[TASK TO COMPLETE]: Apart from the images, repeat the data below exactly as written.

-------- DATASET CONTENT --------

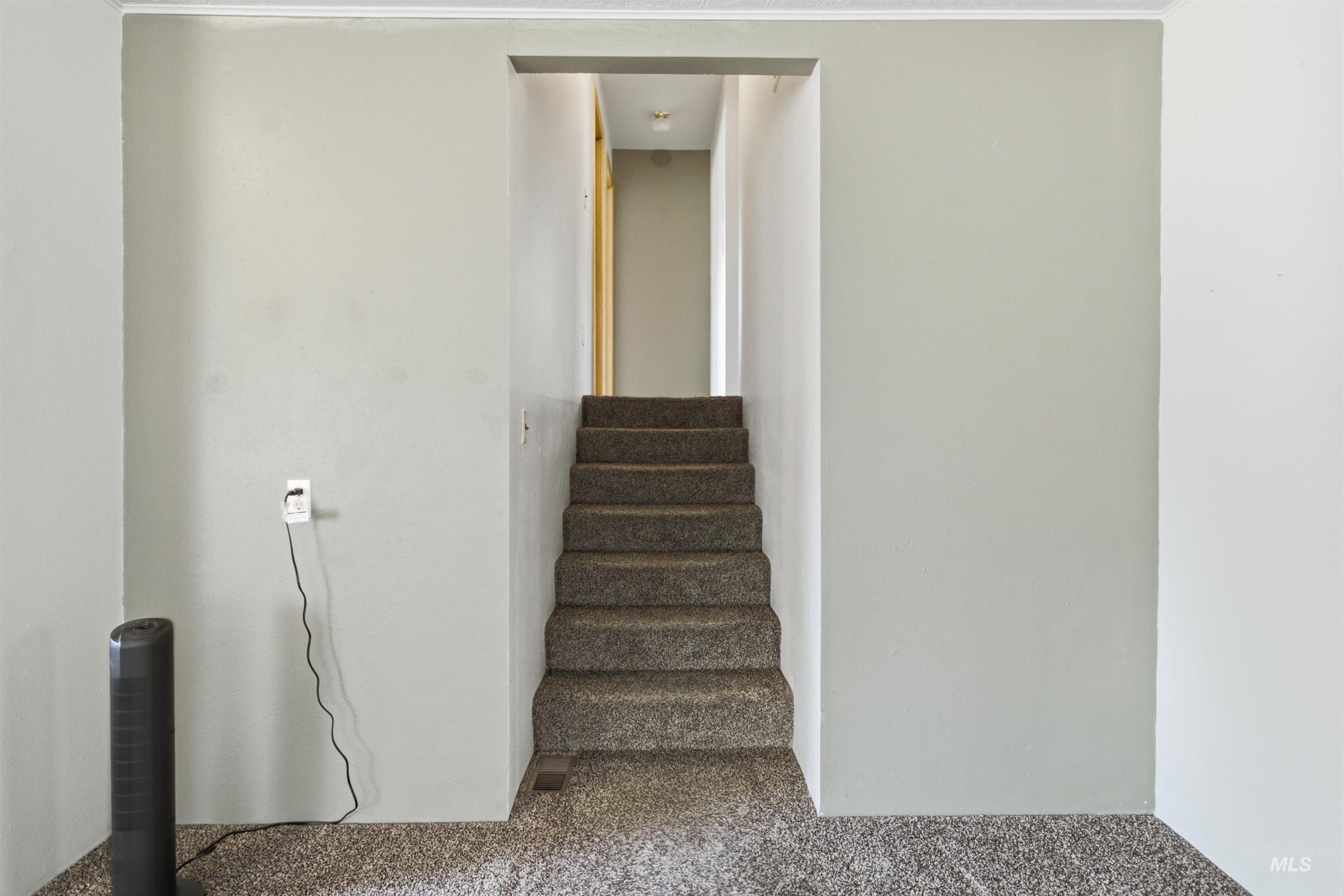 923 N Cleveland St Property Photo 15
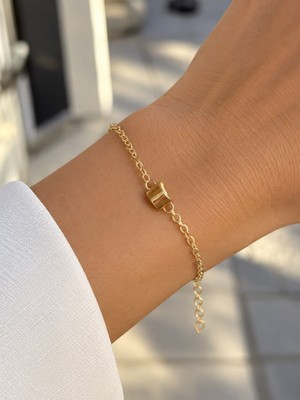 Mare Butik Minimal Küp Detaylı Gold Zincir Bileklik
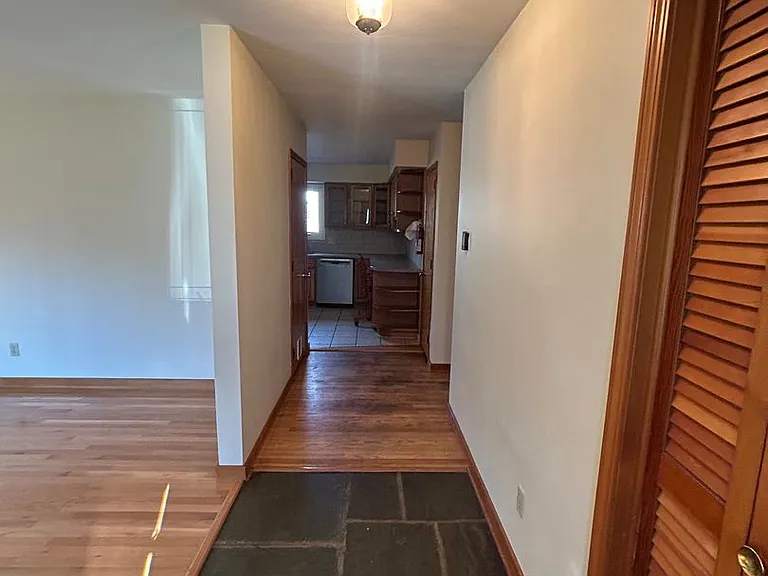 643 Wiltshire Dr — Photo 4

--------

[EXERCISE ANSWER]:
 923 N Cleveland St Property Photo 15
 Mare Butik Minimal Küp Detaylı Gold Zincir Bileklik
 643 Wiltshire Dr — Photo 4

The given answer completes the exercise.